---
title: "What Is llms.txt? Definition & How to Use It"
description: "llms.txt is a proposed plain-text/Markdown file at a site root that describes the site and points AI agents to key resources. An optional bonus, not a Google requirement."
canonical: https://aiovsseo.com/glossary/llms-txt.html
date: 2026-06-07
---
# What is llms.txt?

Definition

llms.txt is a proposed Markdown file placed at a website’s root that describes the site and links to its key resources, helping AI agents navigate it. It is an optional bonus — Google says it is not required to appear in generative search.

**llms.txt** is a proposed standard file (served at `/llms.txt`) that gives AI agents a concise, Markdown-formatted map of your site: what it is and where the important content lives. Think of it as a curated table of contents written for machines.

## Should you add one?

It is cheap to add and some third-party agents may use it, so it does no harm. But Google has stated plainly that you do *not* need special AI files to appear in generative search. Treat llms.txt as optional polish after the fundamentals.

## Related files

It sits alongside `robots.txt` (which governs crawling and, via [Content-Signal](/glossary/content-signal.html), AI usage) and an optional `/.well-known/mcp.json` manifest for the [Model Context Protocol](/glossary/model-context-protocol.html).

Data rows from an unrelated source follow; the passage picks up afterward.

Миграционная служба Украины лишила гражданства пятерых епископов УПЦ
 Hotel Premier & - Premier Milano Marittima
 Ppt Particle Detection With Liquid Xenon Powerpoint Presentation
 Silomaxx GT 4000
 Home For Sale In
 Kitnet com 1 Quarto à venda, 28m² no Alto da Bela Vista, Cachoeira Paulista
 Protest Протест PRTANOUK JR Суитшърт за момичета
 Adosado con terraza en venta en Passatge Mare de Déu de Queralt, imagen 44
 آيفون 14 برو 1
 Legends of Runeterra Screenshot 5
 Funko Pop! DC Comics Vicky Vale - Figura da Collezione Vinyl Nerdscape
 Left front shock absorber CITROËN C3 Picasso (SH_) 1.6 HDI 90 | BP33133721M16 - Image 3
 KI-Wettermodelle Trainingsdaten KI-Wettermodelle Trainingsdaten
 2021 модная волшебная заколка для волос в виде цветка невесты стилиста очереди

## Frequently asked questions

**Is llms.txt required for AI search?**

No. Google has explicitly said you do not need special AI files, markup, or Markdown to appear in generative search. llms.txt is an optional convenience for third-party agents.

**What is the difference between llms.txt and robots.txt?**

robots.txt governs whether crawlers may access content (and, with Content-Signal, how AI may use it). llms.txt describes and links your content for agents. See llms.txt vs robots.txt.